> EXERCISE PROMPT
Without including pictures, set down every record exactly as it stands.

> LISTED RECORDS
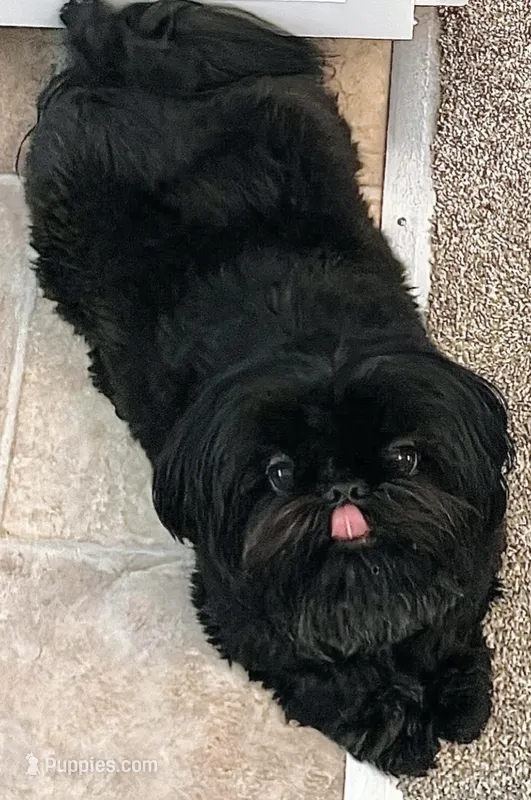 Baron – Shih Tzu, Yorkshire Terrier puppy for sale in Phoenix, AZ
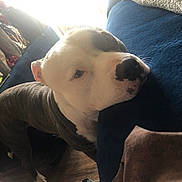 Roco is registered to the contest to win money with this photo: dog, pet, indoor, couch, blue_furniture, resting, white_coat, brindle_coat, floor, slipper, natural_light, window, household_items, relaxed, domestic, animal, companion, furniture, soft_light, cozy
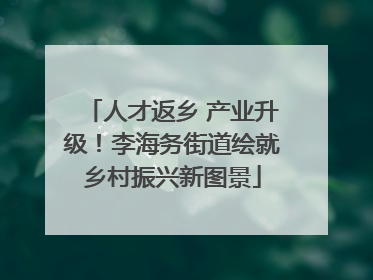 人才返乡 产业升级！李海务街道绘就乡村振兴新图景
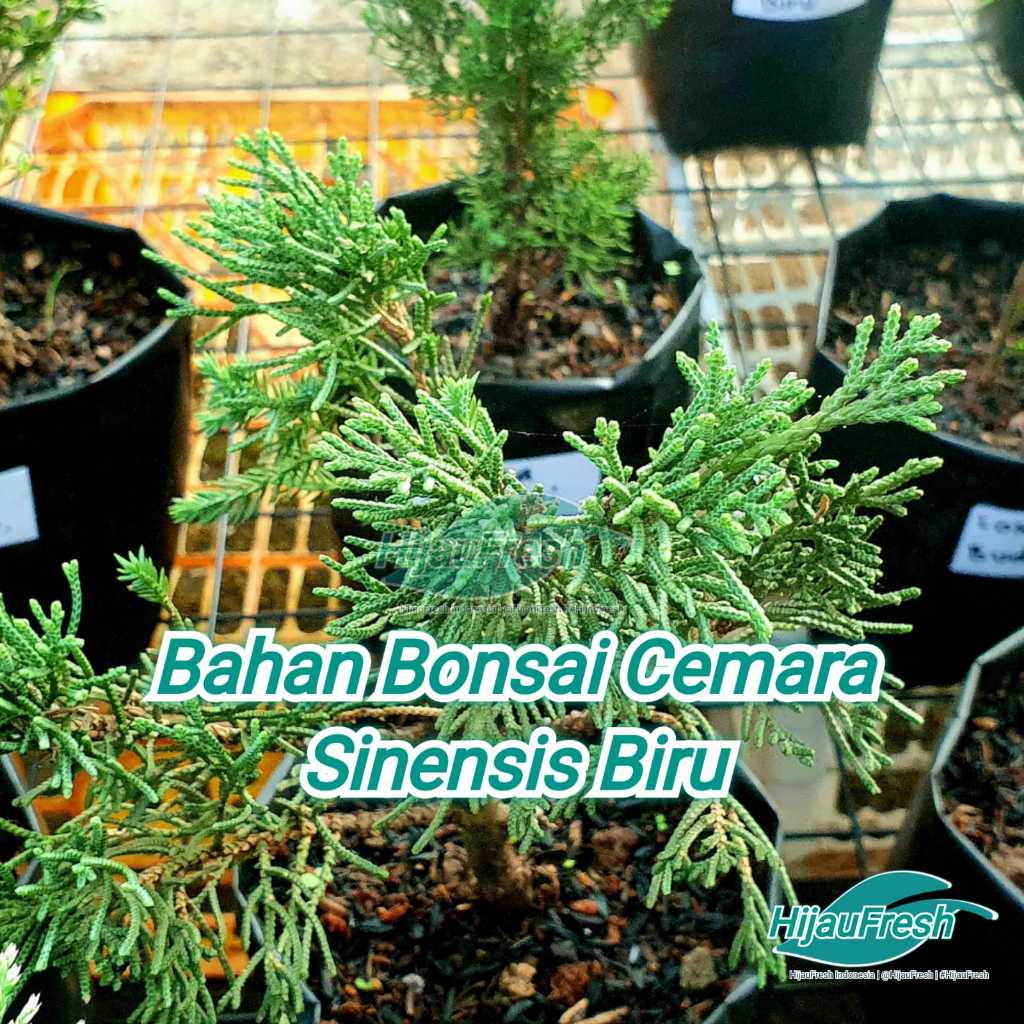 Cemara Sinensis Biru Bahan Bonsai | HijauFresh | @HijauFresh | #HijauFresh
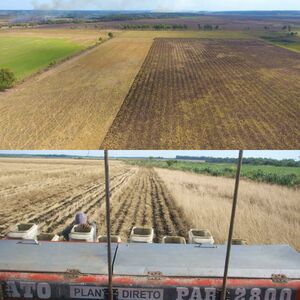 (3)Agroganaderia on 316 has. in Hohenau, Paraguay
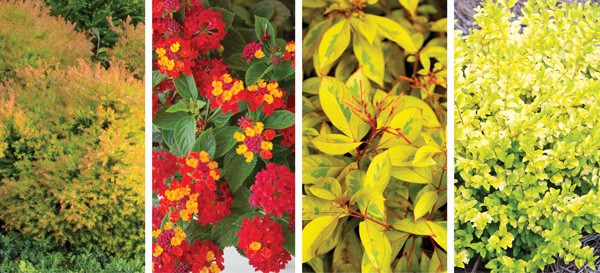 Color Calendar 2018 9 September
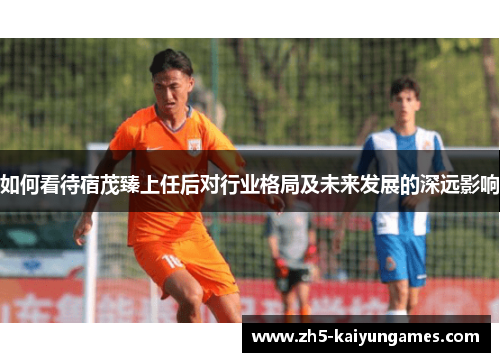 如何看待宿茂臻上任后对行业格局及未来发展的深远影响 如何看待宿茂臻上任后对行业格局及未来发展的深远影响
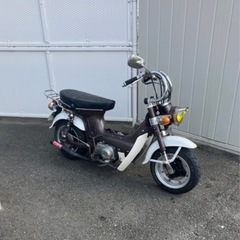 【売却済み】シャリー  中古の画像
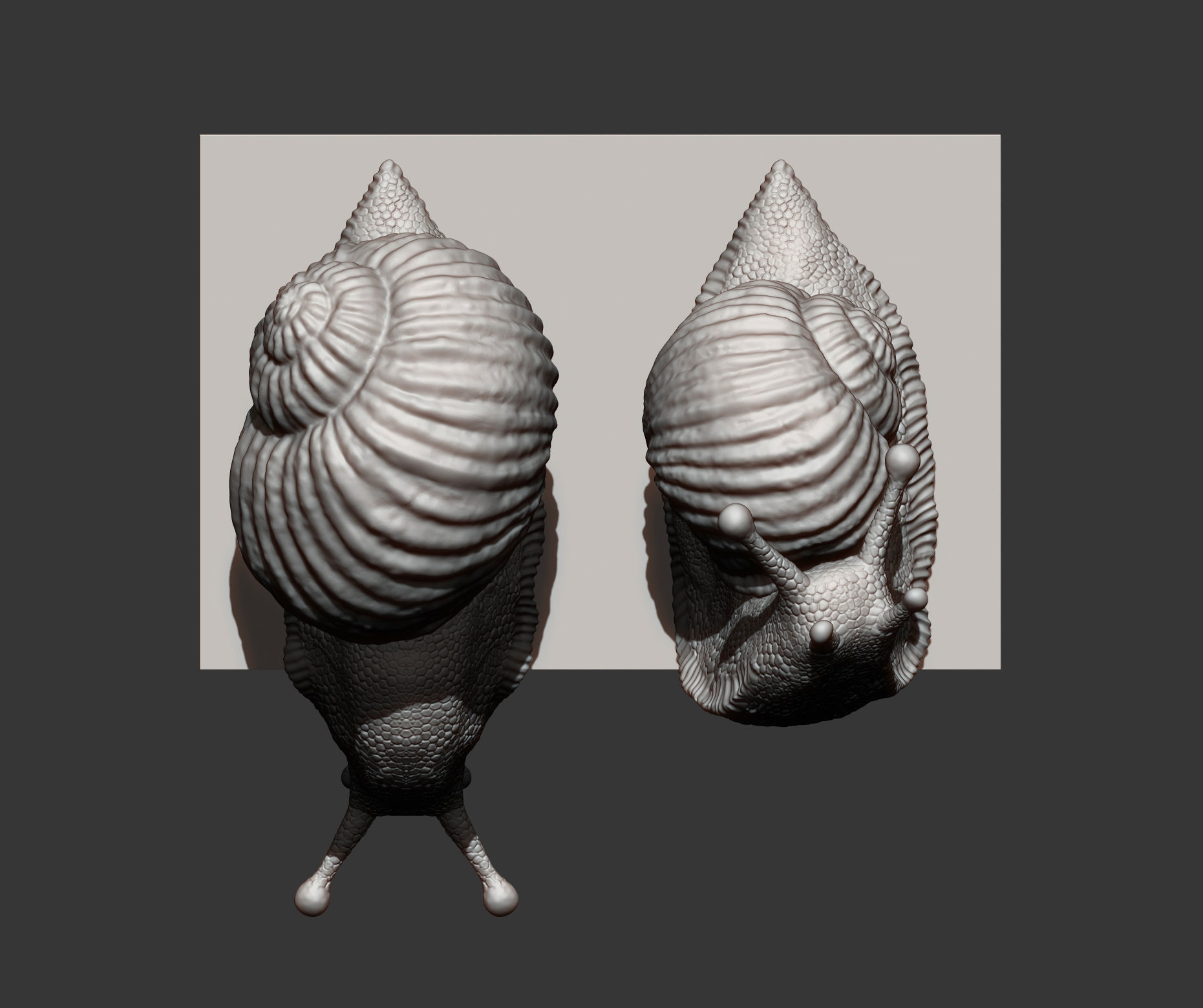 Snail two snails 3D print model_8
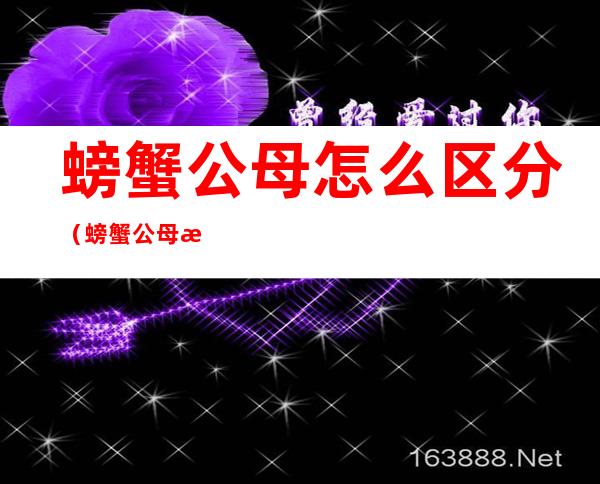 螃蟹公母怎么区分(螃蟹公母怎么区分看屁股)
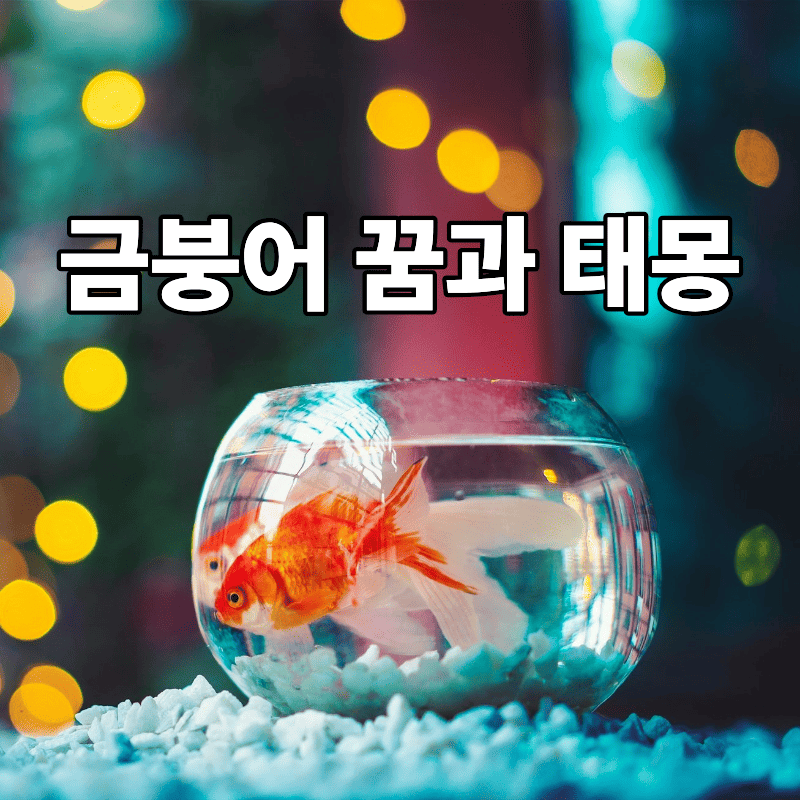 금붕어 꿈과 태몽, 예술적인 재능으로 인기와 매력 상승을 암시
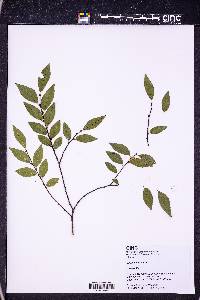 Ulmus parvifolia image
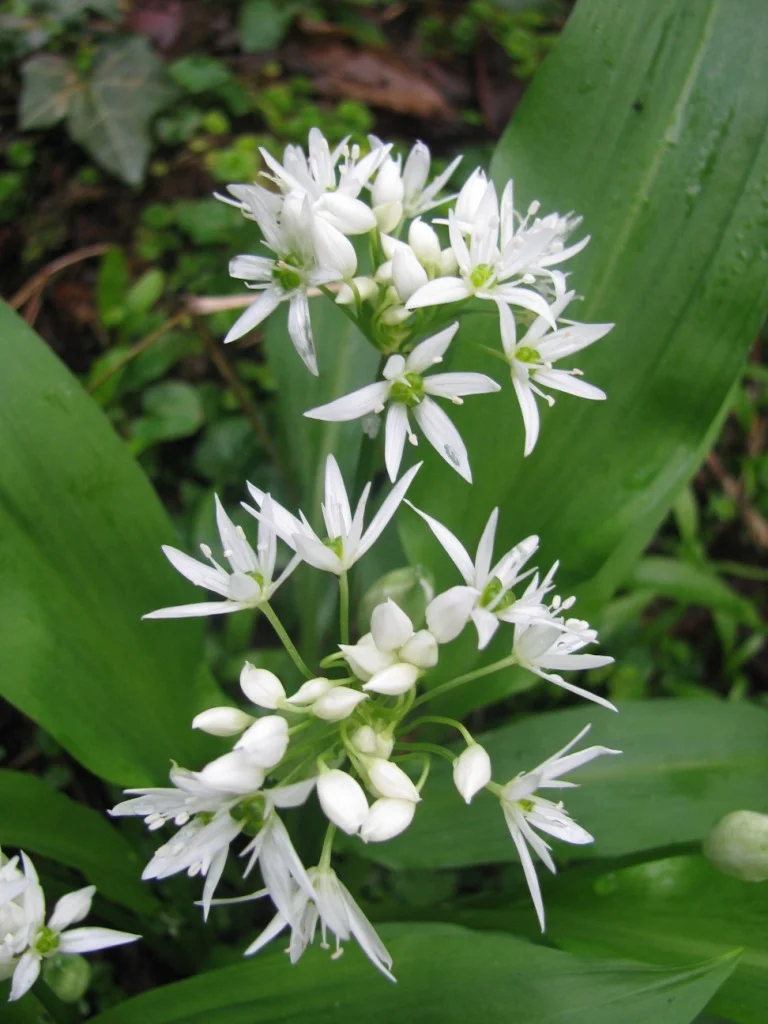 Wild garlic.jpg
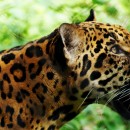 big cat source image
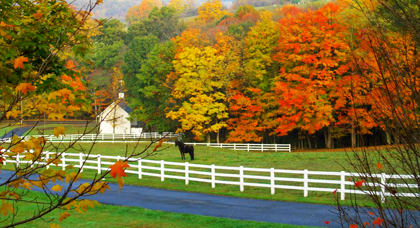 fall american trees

> TASK ANSWER
 Baron – Shih Tzu, Yorkshire Terrier puppy for sale in Phoenix, AZ
 Roco is registered to the contest to win money with this photo: dog, pet, indoor, couch, blue_furniture, resting, white_coat, brindle_coat, floor, slipper, natural_light, window, household_items, relaxed, domestic, animal, companion, furniture, soft_light, cozy
 人才返乡 产业升级！李海务街道绘就乡村振兴新图景
 Cemara Sinensis Biru Bahan Bonsai | HijauFresh | @HijauFresh | #HijauFresh
 (3)Agroganaderia on 316 has. in Hohenau, Paraguay
 Color Calendar 2018 9 September
 如何看待宿茂臻上任后对行业格局及未来发展的深远影响 如何看待宿茂臻上任后对行业格局及未来发展的深远影响
 【売却済み】シャリー  中古の画像
 Snail two snails 3D print model_8
 螃蟹公母怎么区分(螃蟹公母怎么区分看屁股)
 금붕어 꿈과 태몽, 예술적인 재능으로 인기와 매력 상승을 암시
 Ulmus parvifolia image
 Wild garlic.jpg
 big cat source image
 fall american trees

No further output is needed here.